Ekşi Sözlük’ün kapatılması üzerine tartışmalar sürüyor.
İktidara yakın isimler ve iktidar trolleri kapatmayı doğru ve yerinde buluyor, muhalifler ise kapatmanın hatalı olduğunu düşünüyor.
Ben ise durumu şaşkınlıkla izliyorum.
Hemen şunu söyleyerek başlayayım.
Herhangi bir yayın kuruluşunun, idare baskısı ile, yargı aracılığı ile de olsa kapatılması, yayınının engellenmesi demokratik bir ülkede olabilecek ve kabul edilebilecek bir şey değildir.
Türkiye’de bile yayıncılık özgürlüğü Anayasa ile korunur.
Konu yayıncılığın engellenmesine kadar geldi ise Anayasa askıya alınmış demektir.
Bundan yıllar önce Ekşi Sözlük’e dava açmıştım.
Kapatılmasını falan istemiyordum elbette.
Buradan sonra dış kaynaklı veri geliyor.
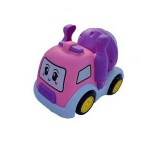 ST Világítós, zenélős mini betonkeverő 13 cm rózsaszín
Hakkımda eleştiri boyutlarını çok ama çok aşan, bana, aileme, sevdiklerime hakaret, küfür ve iftiralar atan yüzlerce “entry” vardı. Ben de bu iftira ve hakaretlerin Ekşi Sözlük’ten kaldırılmasını ve bunları yazanların ya iddialarını ispatlamalarını ya da yargı önünde hesap vermelerini istiyordum.
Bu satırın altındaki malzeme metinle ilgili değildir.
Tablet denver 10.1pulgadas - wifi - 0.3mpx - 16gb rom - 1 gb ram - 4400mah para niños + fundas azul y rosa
Ekşi Sözlük ise bunların kendi fikirleri değil, yazarlarının fikri olduğunu, Ekşi Sözlük’ün ise sadece bir platform olduğunu iddia ediyordu. Tamamı rumuz kullanarak gölgelerden iftira ve hakaret yağdıranların kimliklerini ise açıklamıyordu.
Sonunda bu entry’lerin bir bölümünü silmeyi kabul ettiler.
Buradaki sorun şu.
Bir kısım yeni medya, yani twitter, facebook gibi platformlar, medya organı olduklarını kabul etmiyorlar. Bu sayede medya organlarının yüklendikleri yasal sorumluklardan kaçıyorlar. Böyle olunca da kişilere ya da kurumlara yönelik her türlü hakaret, iftira, karalama, küfür, dezenformasyon buralardan yapılıyor ve bunları engelleyecek, yasal süzgeçten geçirecek bir mekanizma da kurmuyorlar.
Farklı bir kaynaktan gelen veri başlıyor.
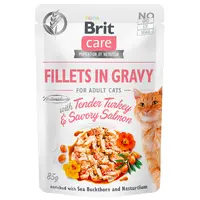 Brit Care Cat Pouch с индейкой и лососем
Yani medyanın üstlendiği yasal sorumlukların hiçbirini üstlenmiyorlar.
Ama medyaya tanınan Anayasal haklardan aynen faydalanmak istiyorlar.
Ben burada yazdığım her satırdan sorumlu olurken, benim kadar bana burada yazı yazma imkanını sağlayan kurum da bu sorumluğu paylaşırken, Ekşi Sözlük gibi platformlar “İsteyen istediğini yazar, biz karışmayız” diyebiliyorlar.
Bu yüzden de Ekşi Sözlük ve benzerleri medya kuruluşu olduklarını kabul ederlerse bence ortada sorun kalmaz.
Ama bugünkü durumda Odatv’ye uygulanan erişim engeli, Ekşi Sözlük’e yapılandan daha gayrı anayasaldır.
Ama yine de hepsinin engeli acilen kaldırılmalıdır.
Ekşi Sözlük iktidarla yaşadığı sorunları aşmak için, birtakım iktidar trolünü yazar yapmayı kabul etmişti.
İnşallah bu sefer doğru düzgün yazarlarını kovarak uzlaşma yolunu seçmez.